O SUS nosso de todos os dias


Por Maria do Rosário



​Vivemos em um tempo em que todos têm opiniões sobre diversos temas. A democracia, a participação social e, mais recentemente, as redes sociais criaram uma cultura de ativismo em que todos se comunicam e manifestam preferências, desgostos, simpatias. Que bom que temos essa liberdade! No entanto, o volume de notícias que circula nesta “sociedade da informação” é tamanho que, por vezes, as opiniões são formuladas e replicadas sobre imagens pré-concebidas que pouco dialogam com a realidade ou geram uma distorção injusta com os objetos de nossos juízos.
 
As “vítimas” podem ser várias. Uma personalidade pública, seja atriz ou liderança política, sofre com isso cotidianamente, vide os milhares de comentários que recebe diariamente de revistas, blogs, sites, enfim, meios de comunicação em geral. Numa escola, um aluno que é rotulado sob algum signo rapidamente vira alvo de uma série de interpretações. E por aí vai. Poderia dar mil exemplos! Porém, o que mais me chama a atenção são aquelas opiniões que dilaceram as riquezas e boas iniciativas que construímos como nação.
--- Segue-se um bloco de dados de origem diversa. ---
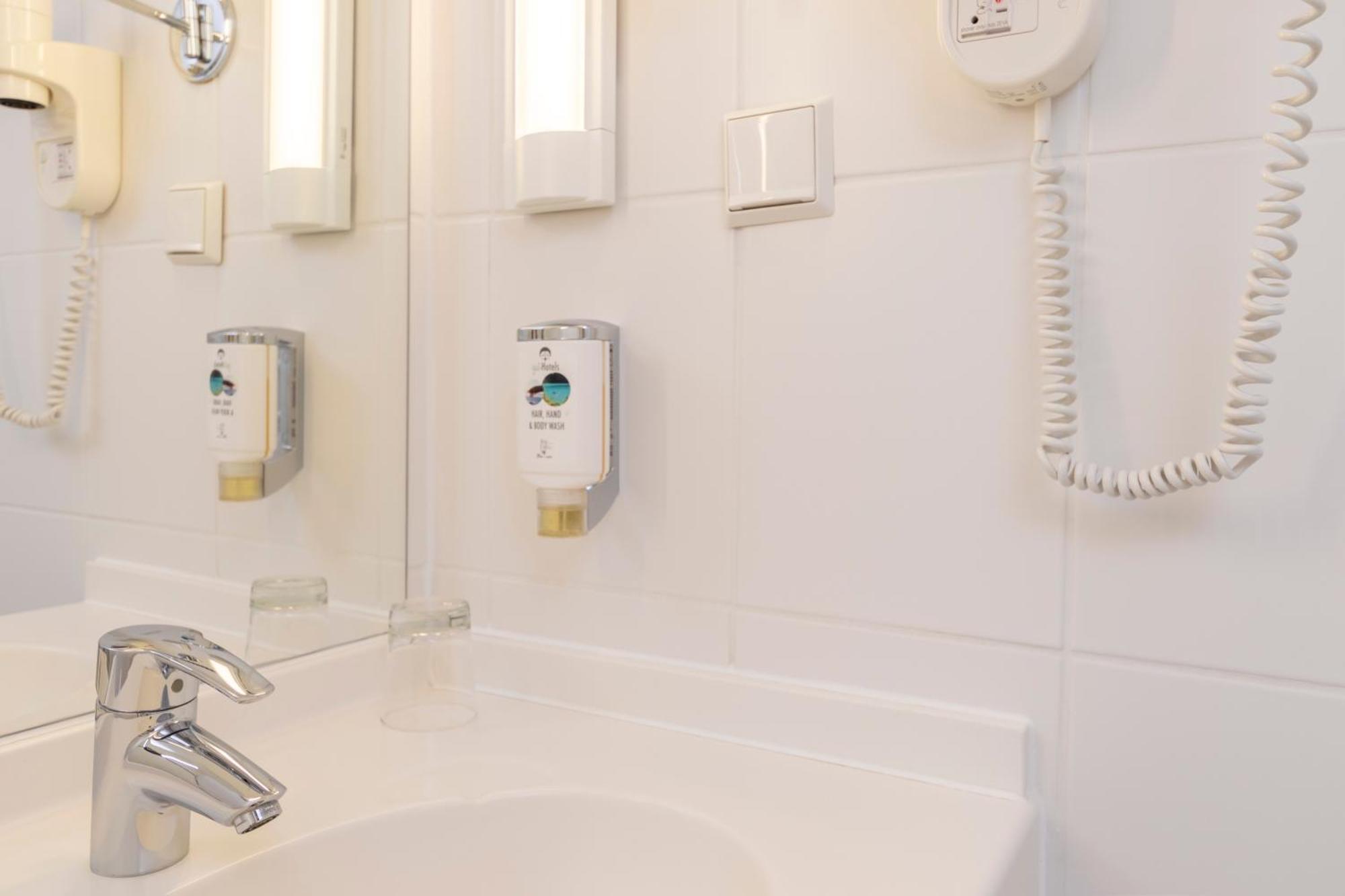 Baltic Hotel Luebeck Quarto foto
De tempos para cá, perturba-me notadamente os comentários negativos em relação ao Sistema Único de Saúde, o SUS, que é uma das maiores conquistas do processo constituinte brasileiro na redemocratização. Acredito ser muito importante falar sobre isso, afinal, você pode até não perceber, mas você também é um usuário do SUS e se beneficia dele diariamente.

Quem olha o SUS “de fora” pode achar que ele se resume a uma “fila” ou à situação de “superlotação” que, de fato, precisa ser superada. De fato, essa pode ser a visão para o cidadão e aquelas famílias que contratam a saúde através de um plano privado, ou para aqueles que por um motivo ou outro avaliam que não conseguirão acessar o SUS em uma situação necessária.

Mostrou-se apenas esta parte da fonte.